The public will know that when the right hon. Gentleman’s Government left office, prisons were on the point of collapse. They can have confidence that this Government will fix the mess that his party left behind. We will ensure that prison places are always available for everyone who needs to be locked up to keep the public safe. We will expand the range of punishment outside prison and, crucially, we will ensure that those who enter the prison system can be helped to turn their back on crime. That is the best strategy for cutting crime, and one that his party never chose.
Yesterday, the Sentencing Council issued a letter correcting the Justice Secretary. It made it clear that the new sentencing guidelines were not the same as the draft guidance under the last Government and explained that her Department supported the new two-tier guidance—her representative was at the meeting—and it was approved on 24 January. Her officials were even given a walkthrough on 3 March—a dummy’s guide to two-tier justice. After I brought that to her attention last Wednesday, her team briefed the papers that she was “incandescent”. Was she incandescent at her officials or at her own failure to read her papers and do her job properly?

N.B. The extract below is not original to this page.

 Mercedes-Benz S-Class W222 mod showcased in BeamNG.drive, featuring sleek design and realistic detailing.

The shadow Lord Chancellor’s amnesia continues, because he clearly has not done his homework; he has forgotten that his Government were consulted extensively on this guidance. It also appears that he cannot read, because the letter states very clearly all the consultation that took place under his Government. It shows that they were consulted numerous times on the new guidance and welcomed it—I notice that he did not refer to that. He knows full well that the change he refers to is a minor change, because the reference to race, ethnicity and cultural backgrounds has been retained in the time his Government seeing it and the changes that occurred, so he cannot hide behind that. The last few days have therefore been an expert lesson from the right hon. Gentleman: he has taught us all how to throw the shadow Transport Secretary under a bus.

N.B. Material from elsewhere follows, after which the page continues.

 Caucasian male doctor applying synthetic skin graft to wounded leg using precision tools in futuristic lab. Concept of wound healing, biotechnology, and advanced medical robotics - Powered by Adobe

As a lawyer herself, I would have thought that the Justice Secretary would know the difference between the last set of guidance and the new one. I say “as a lawyer,” but in this Cabinet we never really know who is a real lawyer and who is just pretending to be one. In 21 days’ time, by the Justice Secretary’s own admission, we will have two-tier justice. Her plan to fix that will not come into effect for a year, and that is unacceptable. As she has been too lazy to do her job, I will do it for her. Today I am presenting a Bill to block these two-tier sentencing guidelines and fix her mess; it is here and ready to go. Will she support it? Will she stand with us on the Conservative Benches for equality under the law, or will it be two-tier justice with her and two-tier Keir?

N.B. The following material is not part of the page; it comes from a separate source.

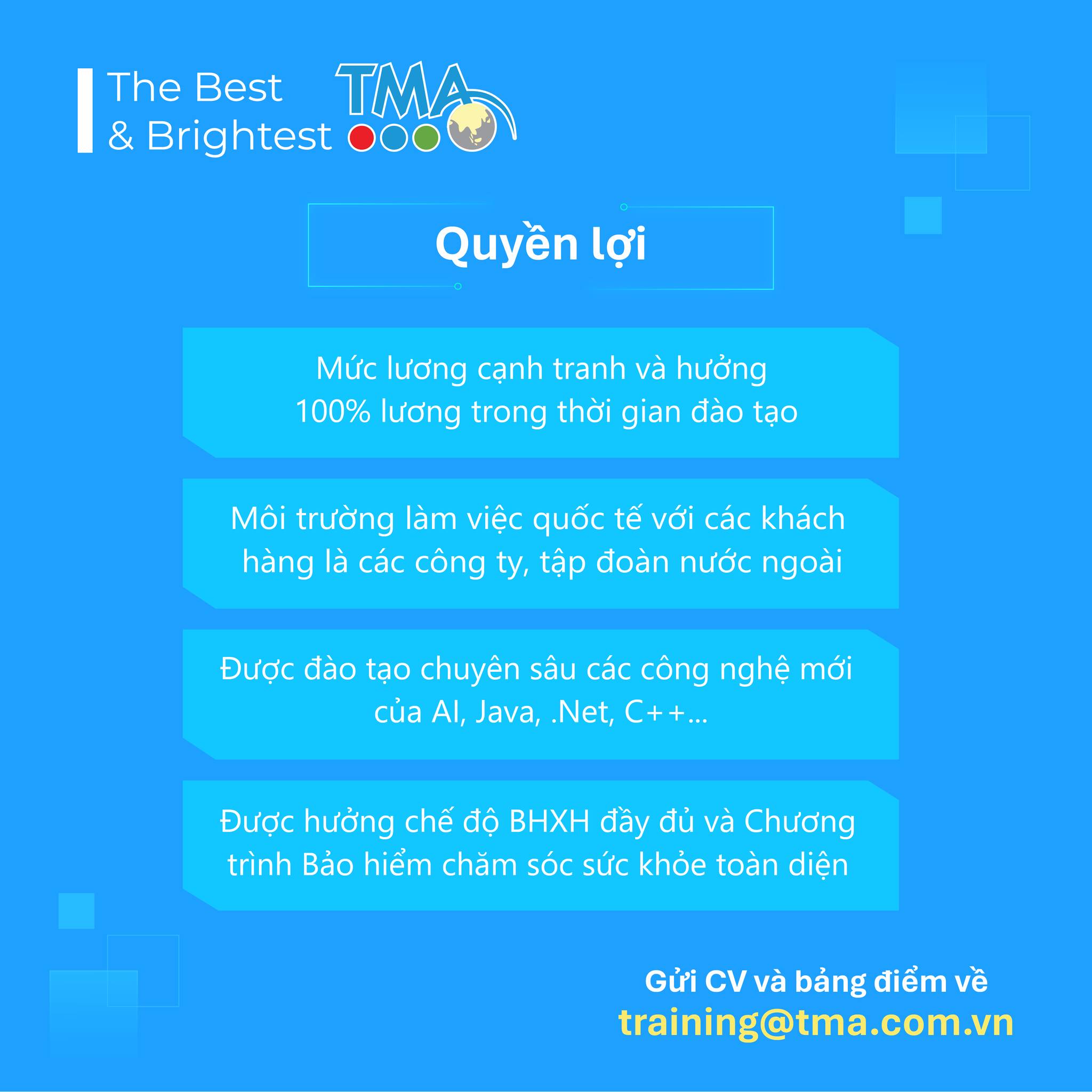 TMA tuyển dụng 50 Fresher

The whole House can see that the only pretence at a job is the one that the shadow Lord Chancellor is making, because he is pretending to be the Leader of the Opposition. We all know exactly what he is about. My reaction to what has happened in relation to the Sentencing Council’s guidelines was very clear when I made the oral statement last week in this House: we will never stand for a two-tier approach to sentencing. I am actually getting on with fixing the problem, rather than looking for a bandwagon to jump on, which is why I have already written to the Sentencing Council. I will be meeting it later this week, and I have made it very clear that I will consider its role and its powers. If I need to legislate, I will do so, but I will ensure that whatever changes I bring forward are workable and deliver the fair justice system that we all need and deserve—one that his Government did not deliver.
(2 months, 3 weeks ago)
Commons ChamberIt is great to see the Justice Secretary back in the country after her holiday in Texas. If she can find time to travel to America, why can she not find time to travel to the two category A prisons—[Interruption.] I will be pleased to hear from the right hon. Lady if that is the case. That was not the answer to our written parliamentary question the other day.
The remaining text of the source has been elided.